Agli albori della storia del cinema, che si caratterizza subito rispetto alle altre arti come prodotto industriale e di massa, ma che cerca ancora un suo specifico, alcune intraprendenti case di produzione di Milano, Torino, Roma e New York pensarono, e vinsero la scommessa che la Divina Commedia avrebbe potuto essere lo script perfetto per nobilitare la decima Musa ancora legata a forme di intrattenimento illusionistico e leggero da vaudeville e ad un pubblico popolare: Dante, con il suo indiscutibile valore letterario e civile ora elevato a ideologia patriottico e confessionale, avrebbe convinto una borghesia melomane e perbenista ad entrare in una “licenziosa” sala cinematografica Così, le vicende stesse dell’uomo Dante, le esiziali passioni di un manipolo di suoi grandi personaggi, il fantastico dei paesaggi oltremondani e la fisicità dei dannati si presentavano quali ottimi spunti cinematografici, tra l’altro già noti al pubblico per il tramite della temperie culturale romantica, preraffaellita e decadente.

Su tutto, indiscussa protagonista del cinema ad ispirazione dantesca, già celebrata da tele, sinfonie e pièces teatrali, Francesca, l’eroina romantica per eccellenza, la cui storia ha tutte le carte in regola per “funzionare” nel cinema poiché contiene in sé con il suo pathos caratteri di comedy, drama, thriller e sexy movie.

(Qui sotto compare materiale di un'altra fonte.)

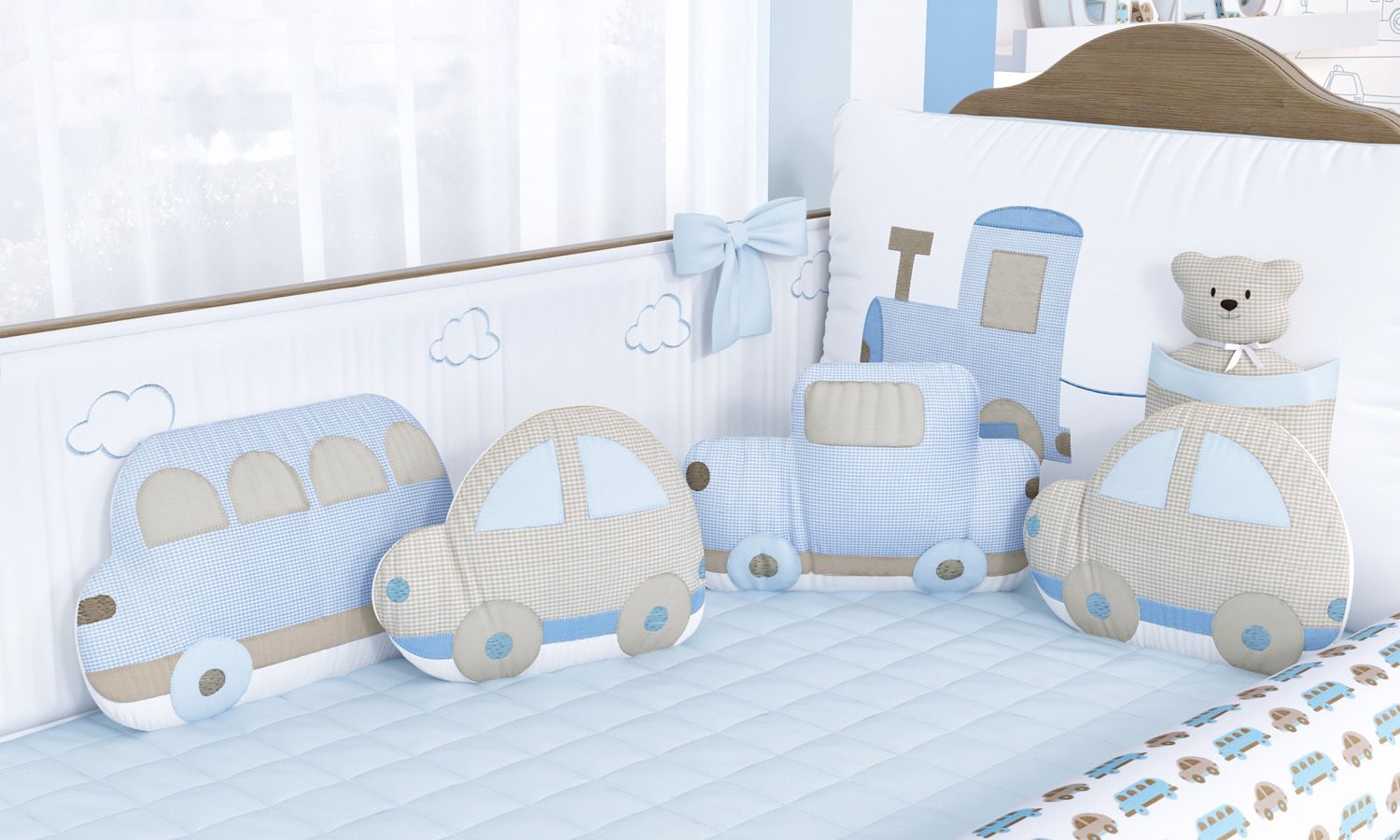 Kit Berço Carrinhos Amarelo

I primi approcci del cinema con Dante, certo, consistono di brevi scene in costume in cui si vedono, filmati in un interno, i più celebri personaggi “characters” danteschi che mimano con i gesti enfatici tipici del teatro dell’epoca le loro vicissitudini, con al termine una spasmodicamente lenta morte (gli abiti e gli arredi sono di gusto neogotico e dannunziano).

Tra il 1907 e il 1926 si collocano svariati adattamenti diretti della storia di Paolo e Francesca (a quello di Ranous seguirono quelli di Mario Marais [1908], Ugo Folena [1909] (con la grande Francesca Bertini), Stuart Blackton [1910], Eduardo D’Accurso [1917], Ubaldo Maria Del Colle [1919], Mario Volpe [1922], Aldo De Benedetti [1926] e vari anonimi), del Conte Ugolino (Giuseppe De Liguoro [1908], Giovanni Pastrone [1909]), di Pia de’ Tolomei (Mario Case- rini [1908], Gerolamo Lo Savio [1910], Giovanni Zannini [1921]).

Sorprendentemente, a distanza di quasi cento anni, un amalgama di questi stessi ingredienti (mangiamento del cuore nel primo sonetto della “Vita Nova” suicidio di Pier delle Vigne accusato di tradimento, e tecnofagia di Ugolino) è stato riproposto da Ridley Scott nel suo Hannibal nel 2001, ambientato a Firenze sull’onda del torbido caso giudiziario del “mostro”.

Su questa produzione pionieristica degli anni Dieci spicca “L’inferno” diretto da Francesco Bertolini e Adolfo Padovan (con la collaborazione di Giuseppe de Liguoro ed Emilio Roncarolo), prodotto dalla Saffi-Comerio  nel 1911. Alla sua trionfale prima presso il Teatro Mercadante di Napoli il 2 Aprile 1911 (con ottime recensioni di Matilde Serao e di Antonio Labriola, che ne sottolineava l’utilità didattica) seguì una redditizia distribuzione anche all’estero grazie ad un nuovo sistema di Gustavo Lombardo che vendeva non le “pizze” contenenti le pellicole, ma i diritti sulle proiezioni in esclusiva per zone.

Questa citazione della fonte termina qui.